- Research Project
Modelling tests of a mudslide in Upper Emmental
BFH researchers are analysing the impact of a mudslide in Upper Emmental using a realistic testing rig replicated on a scale of 1:30. The project seeks to develop measures to prevent a possible mudslide causing the nearby River Emme to burst its banks.
- Lead department Architecture, wood and civil engineering
- Institute Institute for Urban Development and Infrastructure
- Duration (planned) 30.11.2020 - 30.04.2021
- Project management Dr. Jolanda Jenzer Althaus
- Head of project Dr. Jolanda Jenzer Althaus
Gemeinde Schangnau, OIK IV
- Keywords Mudslide, Upper Emmental, river engineering, modelling
There have been two major mudslides in Upper Emmental since 2000. The damage caused has been manageable so far. The danger of mudslides is nevertheless particularly high during the warm, rainy summers. The Schangnau Flood Protection Agency wishes to be equipped to deal with a more severe mudslide in the event of bad weather in future which could cause the River Emme to burst its banks and lead to flooding.
Bern University of Applied Sciences is analysing how a mudslide in Upper Emmental might actually unfold. The aim is to develop measures to prevent the River Emme from bursting its banks in the event of a mudslide and to avoid flood damage to buildings and harm to people in the local area.
A model rig is being used to test the impact of a mudslide in Upper Emmental at BFH’s Burgdorf Tiergarten site. The area at risk in Emmental was measured by students. A model was then replicated on a scale of 1:30 (4.5 m wide, 10 m long and around 2.5 m high).
The first of around 30 tests in total began in mid-December 2020. A mudslide of sand, gravel and water was dropped into the model trench. Researchers observed the behaviour of the mudslide, where it broke through the trench, how much debris was deposited in the neighbouring wood and how much ended up in the River Emme.

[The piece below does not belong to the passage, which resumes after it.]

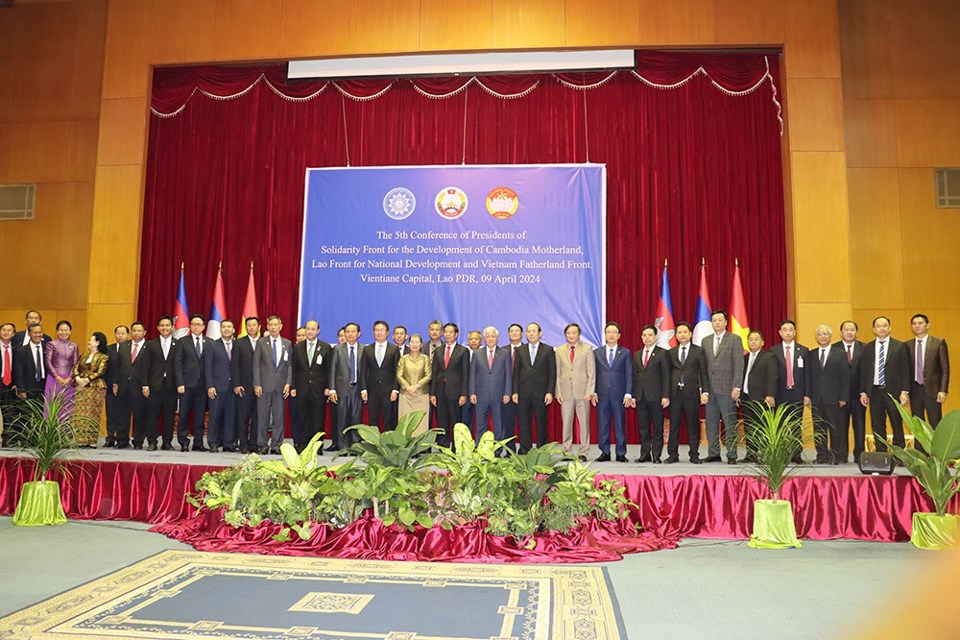 C&aacute;c đại biểu Mặt trận ba nước Campuchia - L&agrave;o - Việt Nam chụp ảnh lưu niệm tại Hội nghị Chủ tịch Mặt trận ba nước Campuchia - L&agrave;o - Việt Nam lần thứ 5.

The research team led by Dr Jolanda Jenzer Althaus are recording the results using laser measuring devices and high-speed cameras and are documenting their observations. Further tests aim to develop measures to prevent too much mudslide debris being deposited in the River Emme. If too much debris ends up on the riverbed, the River Emme could overflow, causing flood damage to buildings and harm to people in the local area.